Take a look a uLoops for Android which isn’t too far off that model already.

Perhaps it won’t be quite this way for music apps, but I can see other categories moving into the web app space to take advantage of other platforms without the cost and complication of supporting multiple platforms.

What do you think?

http://static.evernote.com/noteit.js Clip to Evernote



  1. If apps can be easily compiled for other OSes its not going to be a problem. There are many cross-system frameworks devs can use. If videogames can be ported from one console to another there's no reasons simpler apps wouldn't work (and you don't hear game devs complaining that there's too many consoles to program for).

    Its going to be a problem if some people or companies makes it hard for devs to port their apps to other systems.

  2. If there is significant money in it I am sure there will be development for any OS that developers think will make a profet for them.

    Some developers I know think that Android users will not pay for apps and that the store is badly implimented. iOS users will pay for well made apps so that may be the difference.

    I hope there is some development towards Web applications I have been doing some testing of the Ohm Boys on line music production system and it seems pretty amazing.

  3. Imho: Cloud computing for music applications is an absolute NO GO! The slightest error/network problem and i cannot use my synth/sequencer app when want/NEED to? Nope. Thanks.

  4. @dcp It's no different to your DAW crashing and frankly the massive advantages outweigh the possible negatives.

    Also you can run apps in a browser that do not require a constant connection so its likely that your work would not be entirely lost anyway.

  5. @Ed:

    1st: My DAW doesn't crash.
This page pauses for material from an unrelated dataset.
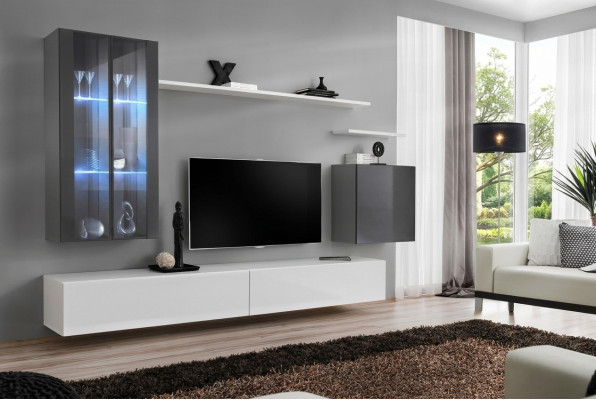 Complete wall shelves living room furniture 3x wall cabinet luxury TV stand sideboard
I know what i'm doing so none of my machines crashed, even after 7 years or more of use.

    2nd: I don't take a DAW on stage. I'm not stupid.

    3rd: If i'm restricted to some crappy apps that run in a browser i'm restricted in what apps i can use to make music. No thanks.

    4th: If that crappy web app doesn't need constant connection what's the buzz with web apps about at all? It would be better to rely on REAL apps then.